Interactive thesis summary

Unveiling Protein Connections through Graph Neural Networks and ProtT5 Embeddings

A web-native summary of my bachelor’s thesis: predicting missing protein-protein interactions by combining protein language-model embeddings with graph neural networks.

Graph Neural Networks ProtT5 STRING v12 Link prediction Bioinformatics

From protein sequences to interaction scores

The idea is simple: proteins become nodes, known interactions become edges, ProtT5 provides sequence-based node features, and the GNN learns graph-aware protein embeddings that can be scored pairwise.

1

Sequences

Amino-acid strings.

2

ProtT5

1024-dimensional node features.

3

PPI graph

Proteins as nodes, PPIs as edges.

4

GNN encoder

Message passing over the network.

5

Decoder

Pairwise interaction score.

Protein sequences

The starting point is the amino-acid sequence of each protein. This gives the model biological information before seeing the graph.

Dataset: STRING v12 human PPI graph

I used the STRING v12 human protein-protein interaction network and kept only very high-confidence edges. Filtering at confidence ≥ 950 reduces noise and makes the graph more reliable for training, at the cost of removing many lower-confidence interactions.

  • Source: STRING v12, human PPI network.
  • Filtering: confidence score ≥ 950.
  • Final graph: 10,430 proteins and roughly 120 thousand interactions.
  • Training setup: positive edges plus 10× randomly sampled negative pairs.
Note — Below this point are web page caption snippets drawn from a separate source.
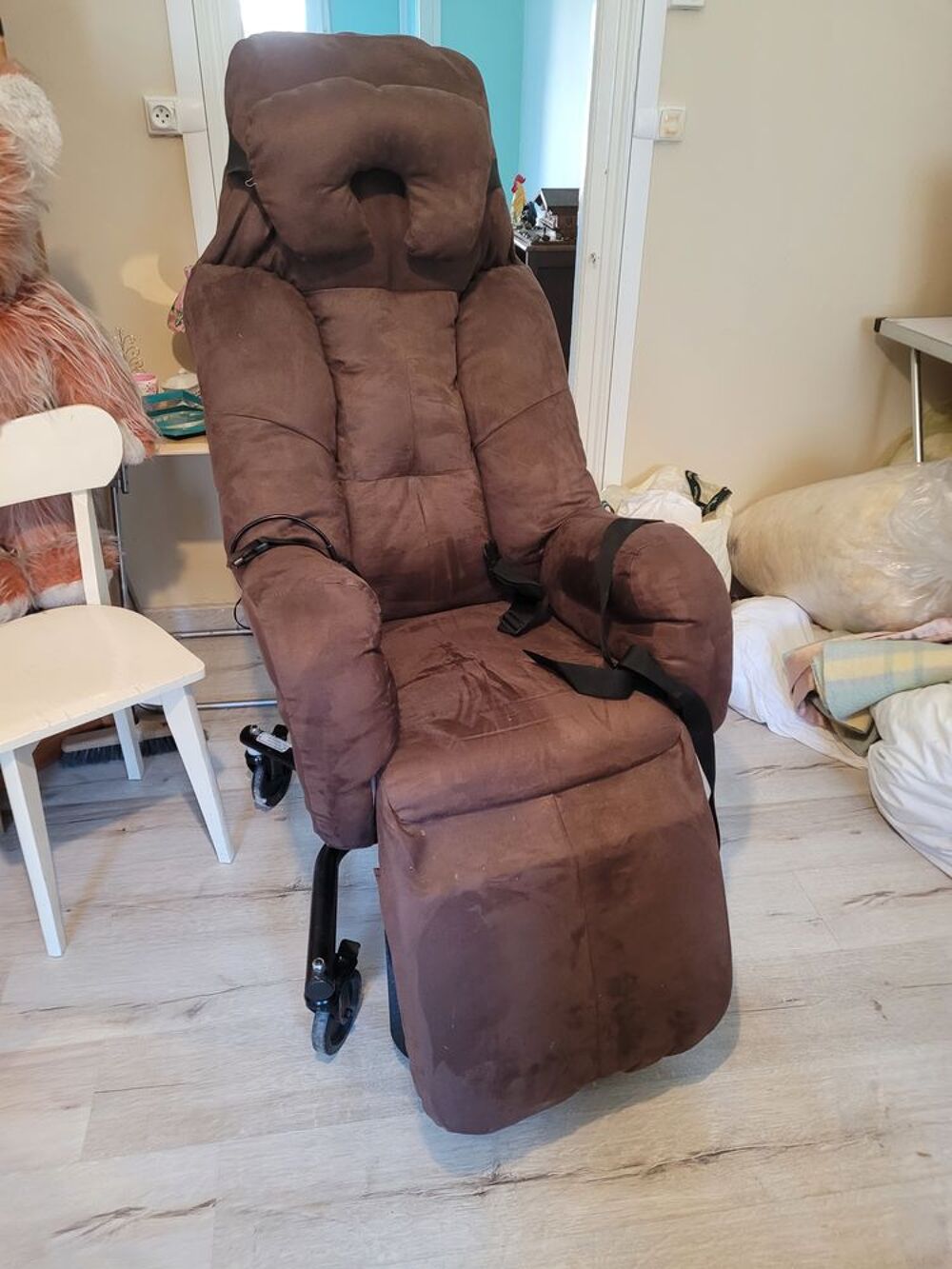 FAUTEUIL ELECTRIQUE Meubles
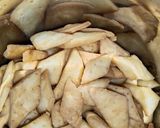 केसरिया शक्कर पारे (Kesariya shakkarpare recipe in Hindi) रेसिपी चरण 5 फोटो
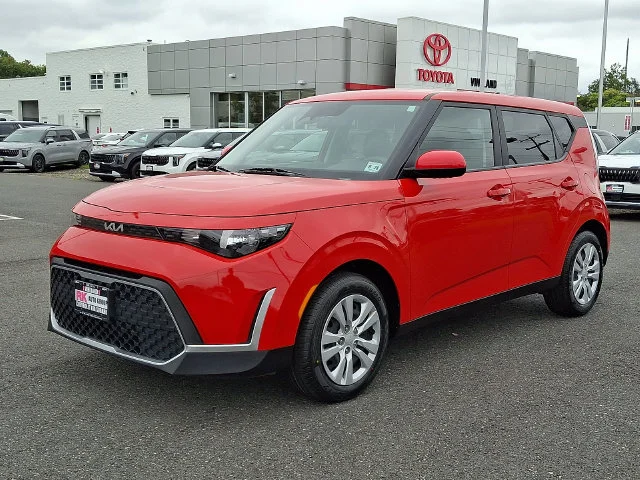 Certified Used 2023 Red Kia LX image 4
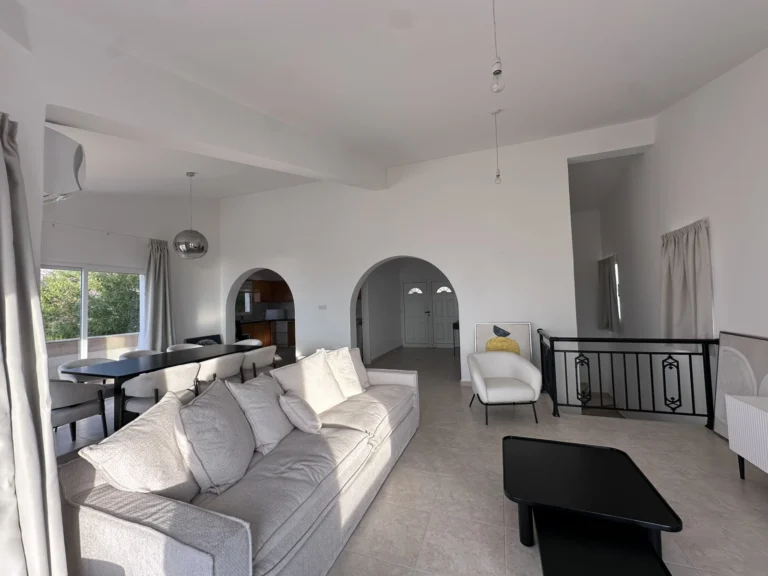5 Bedroom House for Sale in Tala, Paphos District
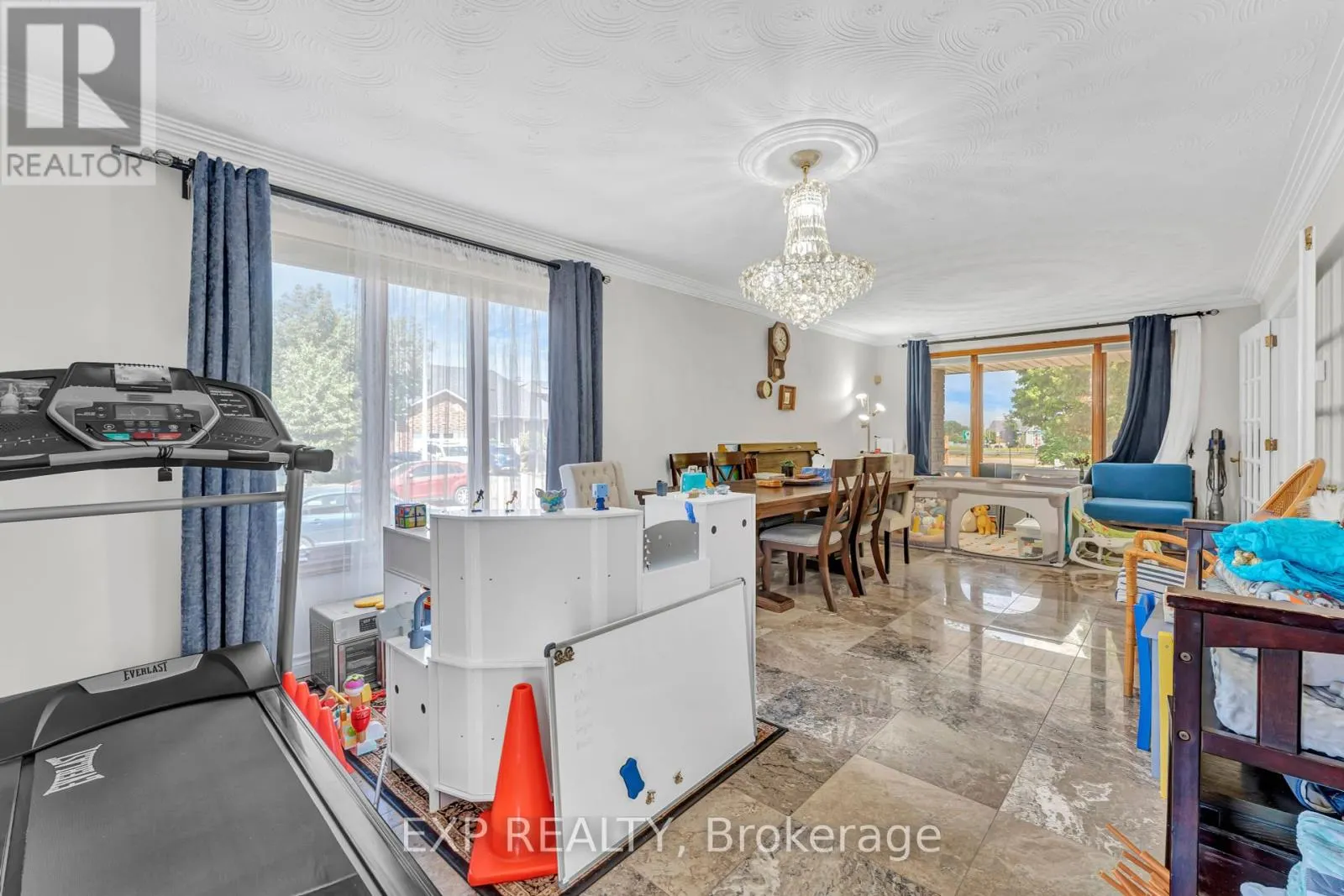 2 GLENCREST AVENUE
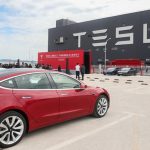 टेस्लाले सुस्त ईभी बिक्री वृद्धिको बीचमा चीनमा कार उत्पादन घटायो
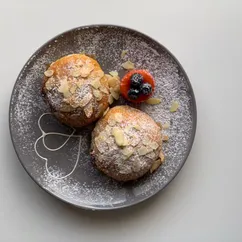 Творожные булочки с шоколадом и миндалём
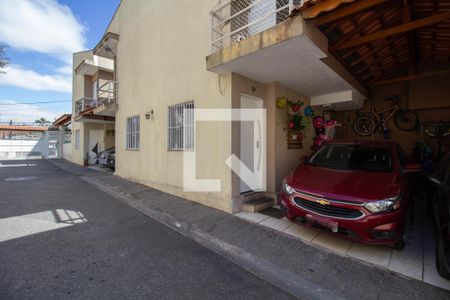 Casa de condomínio à venda com 68m², 2 quartos e 1 vagaFachada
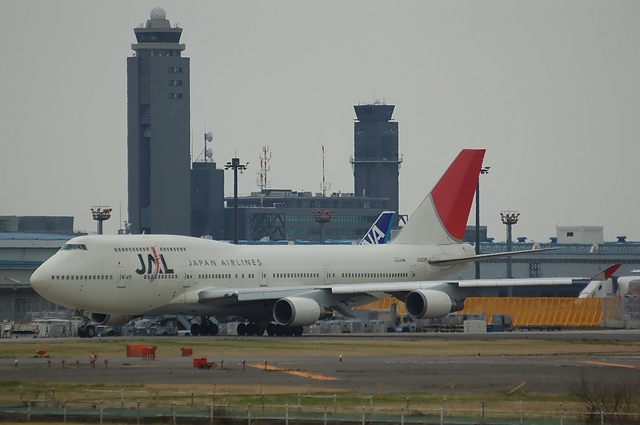 JAL Boeing747-400 4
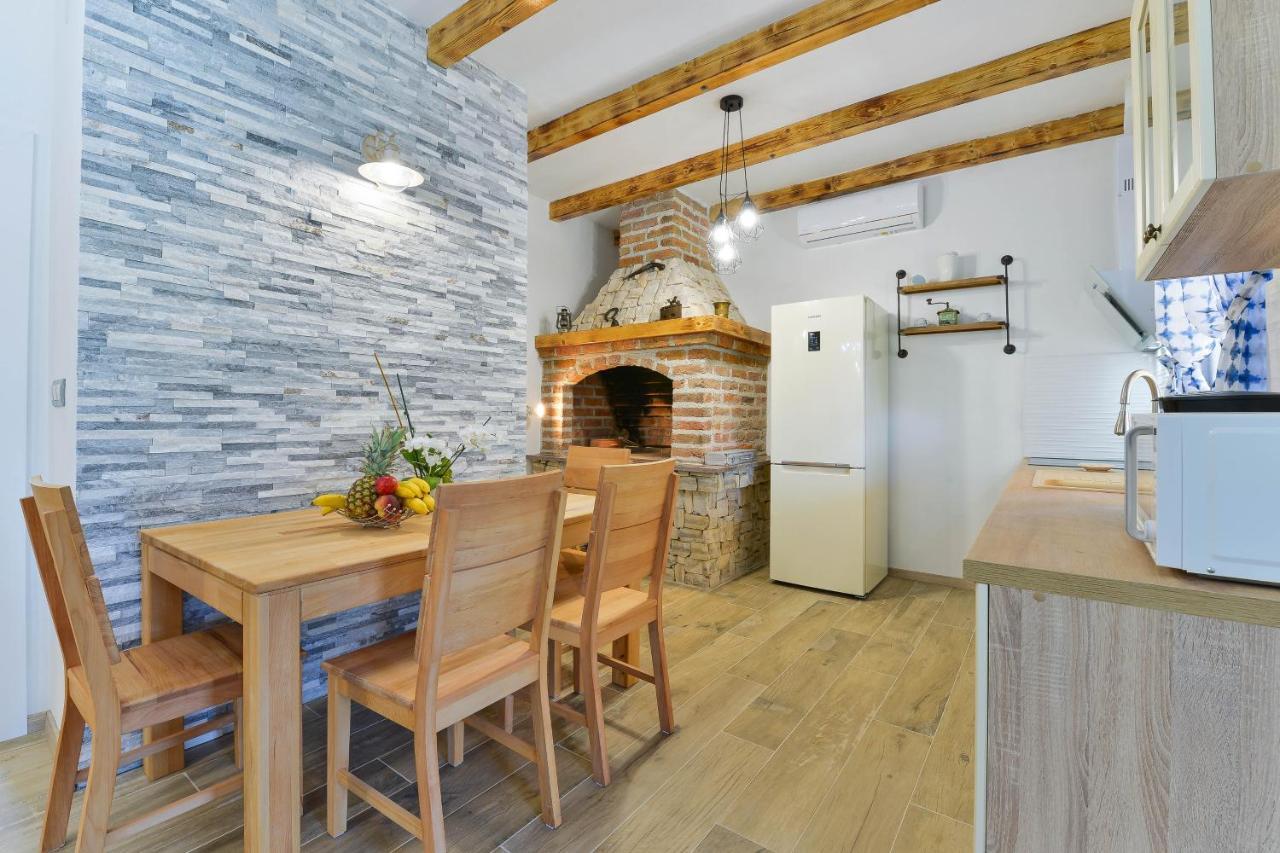 Family Friendly Apartments With A Swimming Pool Zadar - 18098 Exterior photo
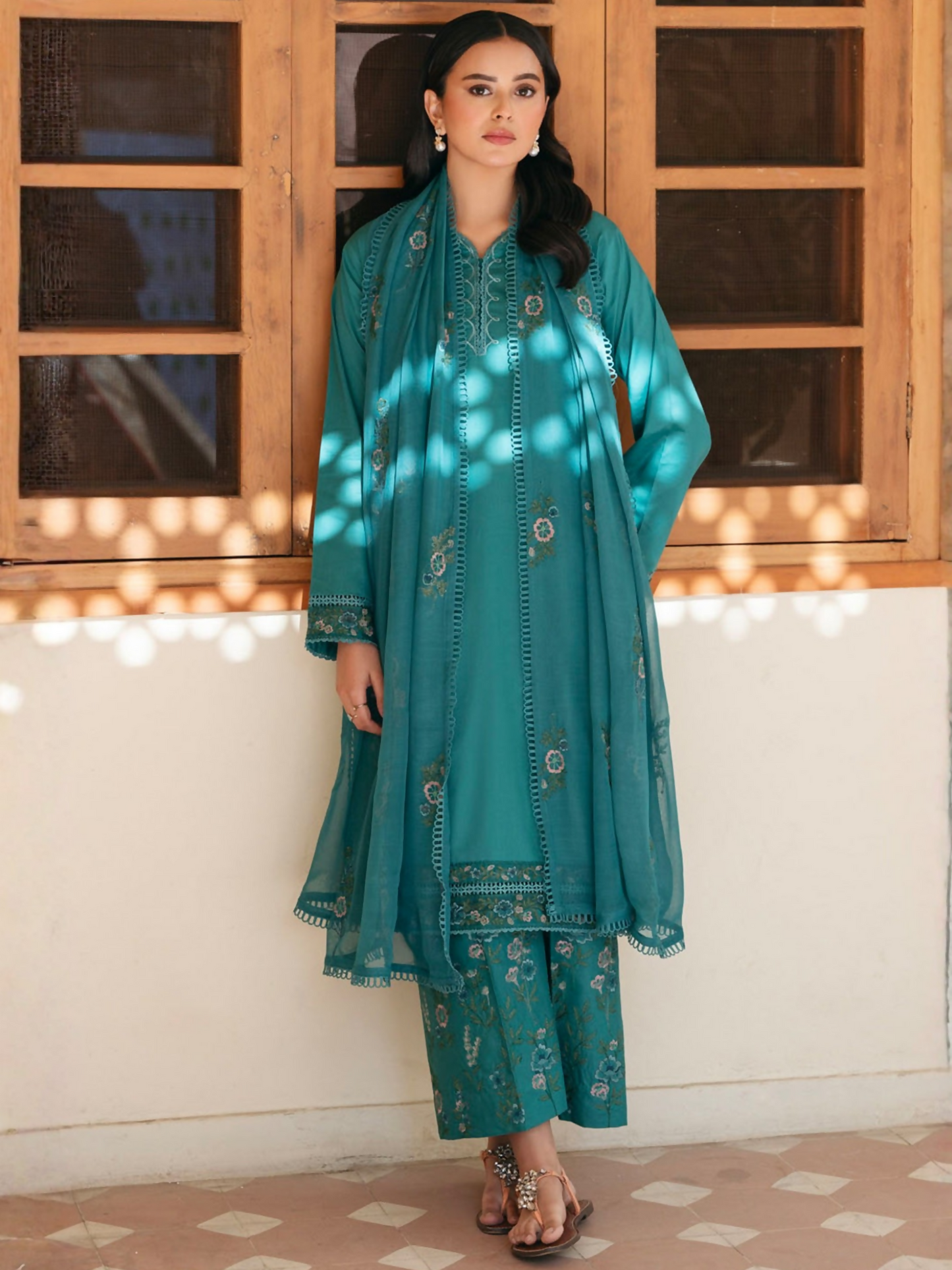 Mannat Clothing Lawn Embroidered Stitched Suit-Zenia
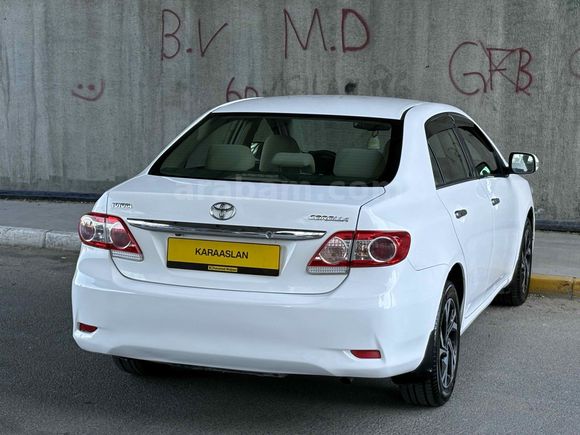 2012 COROLLA 1.4 DİZEL MANUEL BEYAZ ELEGANT-GERİ GÖRÜŞ KAMERALI
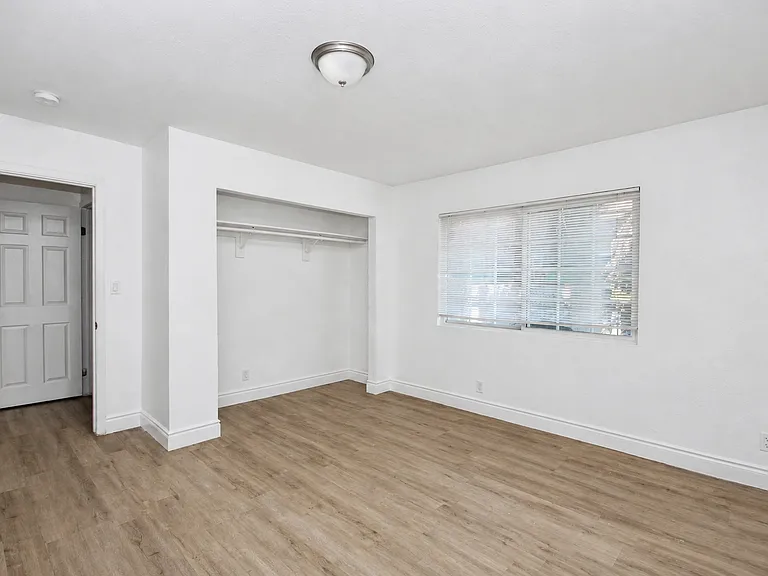 917 N H St — Photo 9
Architecture: graph encoder + pair decoder

Message passing intuition

TAGConv aggregates multi-hop neighborhood information. Use the buttons to see how a center protein can receive information from 1-hop, 2-hop, and 3-hop neighborhoods.

u 1 1 1 1 2 2 2 2 3 3

Encoder layers

  • TAGConv K=3: aggregates 1-hop, 2-hop, and 3-hop neighborhood information in one layer.
  • TransformerConv: attention-style graph convolution with multiple heads to modulate neighbor influence.
  • GINConv: final nonlinear refinement layer to improve representational power.

Pair decoder

Once the encoder produces graph-aware embeddings, the decoder scores pairs locally. This means the graph can be encoded once, then many candidate pairs can be ranked.

TransformerConv attention

Each neighbor sends a message, but attention decides how much each message should matter before the center protein updates its embedding.

u a b c d
a -> u 0.42
b -> u 0.28
c -> u 0.14

Pair decoder animation

After message passing, the graph is encoded once. The decoder only receives two node embeddings, builds pair features, and maps them to an interaction probability.

zi protein i embedding
zj protein j embedding
zi - zj directional difference
zi × zj shared signal
(zi - zj)2 distance signal
MLP layer 1 mix pair evidence
MLP layer 2 refine nonlinear score
p output scalar

Results

The model achieved strong global separability and very high early precision. The early precision result is especially important because in a biological workflow the goal is often to produce a short list of strong candidates for further validation.

0.96 AUROC
0.89 AUPRC
1.00 Precision@500
82% precision at 0.5 cutoff
  • AUROC 0.96: strong ranking ability between true and negative pairs.
  • AUPRC 0.89: robust performance under the 1:10 positive-negative skew.
  • P@500 = 1.00: all top-500 predictions in the test setup were true positives.
  • Recall: about 81% at threshold 0.5.

Topology bias

The model was strongest in dense regions of the graph. This makes sense: GNNs rely on neighborhood information, so hub proteins and clustered regions provide more signal.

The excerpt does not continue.